- **Exercise brief**
Copy only the lines from the one with "FameEX Buy Bitcoin" through the end of the records, exactly as they stand. No pictures belong in the copy.

[Dataset excerpts]
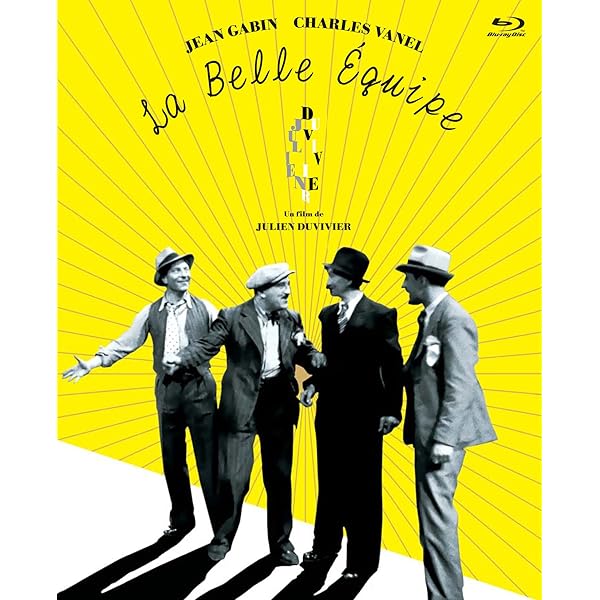 ジュリアン・デュヴィヴィエ監督『我等の仲間』『旅路の果て』Blu-rayツインパック ≪初回限定≫ 2zzhgl6 Amazon.co.jp: ジュリアン・デュヴィヴィエ監督『我等の仲間』『旅路の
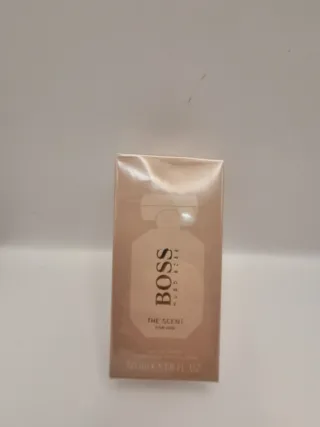 Hugo Boss The Scent para Mujer 50ml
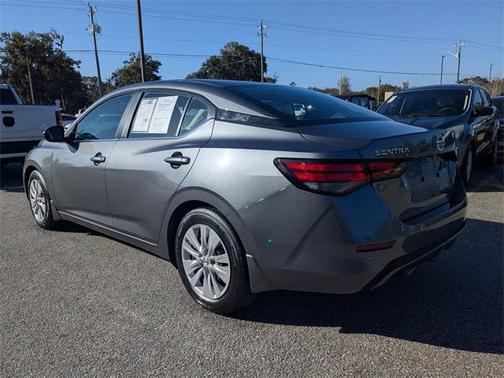 2022 Nissan Sentra S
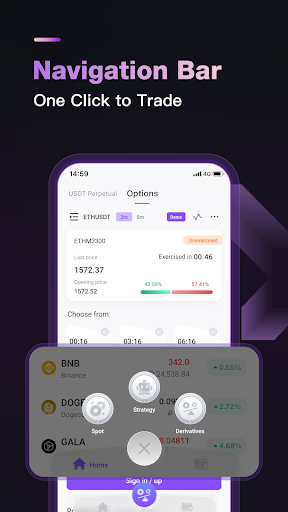 FameEX Buy Bitcoin & Crypto app download latest version
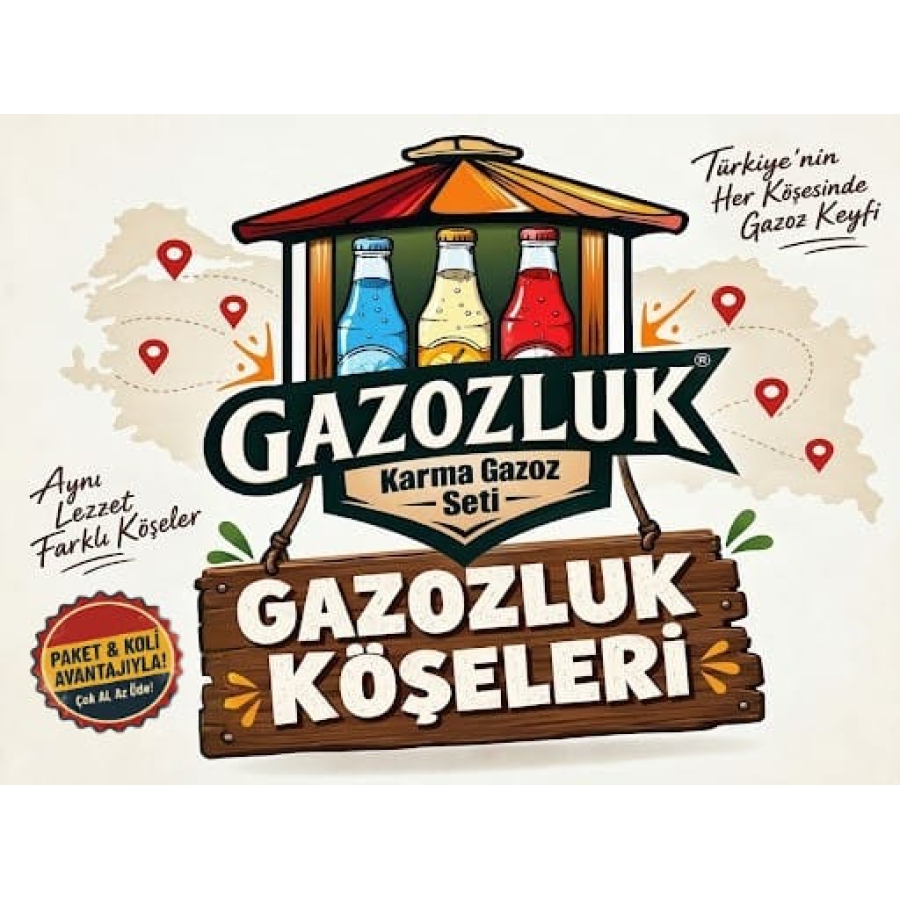 GAZOZLUK KÖŞELERİ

- **Task answer**
 FameEX Buy Bitcoin & Crypto app download latest version
 GAZOZLUK KÖŞELERİ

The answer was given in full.